Elisa IP Transit technical details

ROUTING POLICY


This is how our routing works:

  • We usually announce our own routes summarized the way that we received the IP blocks from Réseaux IP Européens.
  • We announce our AS customers' routes the way they announce them to us, unless the customer requests proxy aggregation. We will make effort to ensure that the customers' routes are efficiently aggregated though. We also take protective measures to prevent harm originating from our customers to the global routing system.
  • We do not redistribute our IGP into BGP (nor do we redistribute BGP into the IGP.)
  • We follow RIPE's dampening regulations thus we do not damp routes.
  • We will filter routes and traffic to illegal destinations such as IANA reserved networks. We won't accept traffic that should originate from within our own network. We protect ourselves from over specific routes and accept them only on a case by case basis. Please refer to our other documents about filtering etc.
  • Our AS at all exchanges is AS6667 and we announce the ASes listed in the Réseaux IP Européens AS macros AS-EUNETIP and RS-EUNETIP.

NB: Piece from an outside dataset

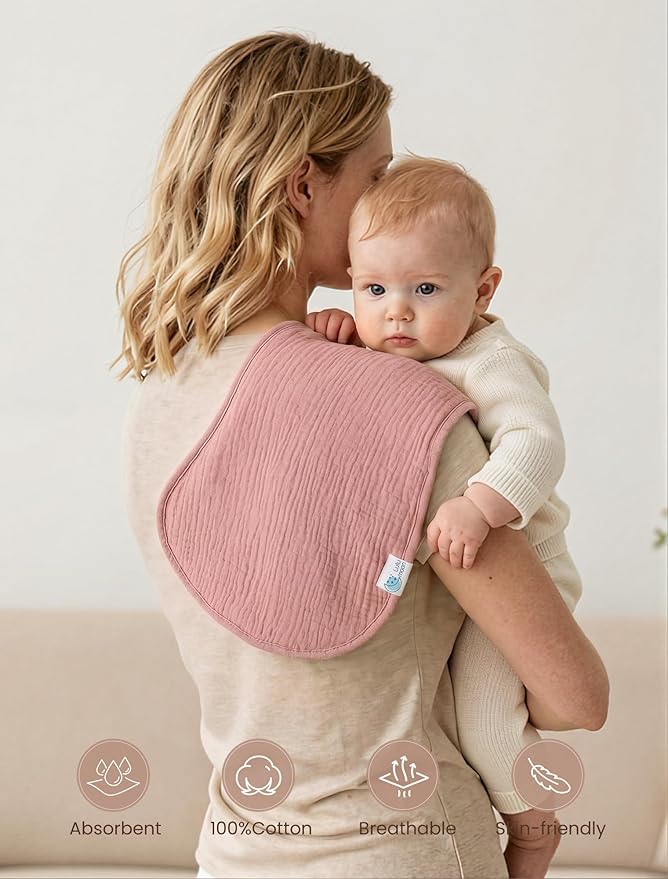 lulumoon Muslin Burp Cloths for Babies: 100% Soft Cotton Large Burping Cloths - Neutral Baby Burp Rags for Boy and Girl - Absorbent Burp Cloth for Spit-Ups 6 Pack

ROUTE AND PACKET FILTERING

 
AS6667 filters routes considered harmful at the border. These can be of the following types:
 
  • Our own IP blocks
  • IANA reserved IP blocks
  • Prefixes longer than /24 (netmask 255.255.255.0)
  • Prefixes longer than /22 (netmask 255.255.248.0)
 
We will never accept prefixes more specific than /24. We will always accept /24 routes within The Swamp (192.0.0.0/7). Outside that range the default filter will get rid of prefixes longer than /22.
 
If a peer's routes are otherwise well behaved, but they have a few legitimate routes that would get caught by the default filter, we will use a more lenient filter. Should we ever give a peer subnets from our own CIDR allocations (such as if a customer with a large continuous chunk of address space moved to another provider), there's also a filter that lets almost anything through.